# Eigenvalues and Probabilities

1. Nov 13, 2009

### bluebandit26

1. The problem statement, all variables and given/known data

Suppose that a Hermitian operator A, representing measurable a, has eigenvectors |A1>, |A2>, and |A3> such that A|Ak> = ak|Ak>. The system is at state:

|psi> = ((3)^(-1/2))|A1> + 2((3)^(-1/2))|A2> + ((5/3)^(1/2))|A3>.

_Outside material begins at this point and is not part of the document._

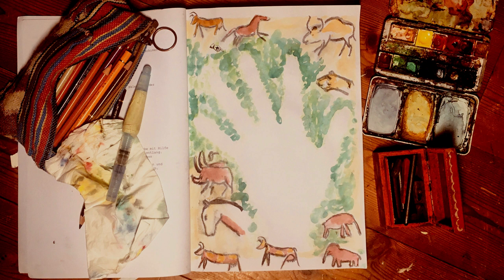Lege deine Hand auf das Papier. Tupfe deine Lieblingsfarbe mithilfe eines Pinsels rundherum an den Konturen entlang. Hebe deine Hand vorsichtig an. Du hast jetzt einen Negativabdruck deiner Hand.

Provide the possible measured values of a and corresponding probabilities.

2. Relevant equations

(A)(psi) = sum[anCnPsin]

3. The attempt at a solution
It would seem that A1 = (3)^(-1/2), A2 = 2((3)^(-1/2), and A3 = (5/3)^(1/2), but the state is not normalized so the probabilities don't add up to one... so I am confused about how to handle this.

2. Nov 13, 2009

### MathematicalPhysicist

So normalise |psi>.
BTW, the probabilities of recieving the eigenvalue a_k is the square of the coefficient of |A_k> in |psi>.

3. Nov 13, 2009

### MathematicalPhysicist

In general, if $$|\psi>=\sum c|n>$$ the the probability to find |psi> in the state |n> (and measuring its eigenvalue) is |c|^2=cc* where c* is the complex conjugate of c.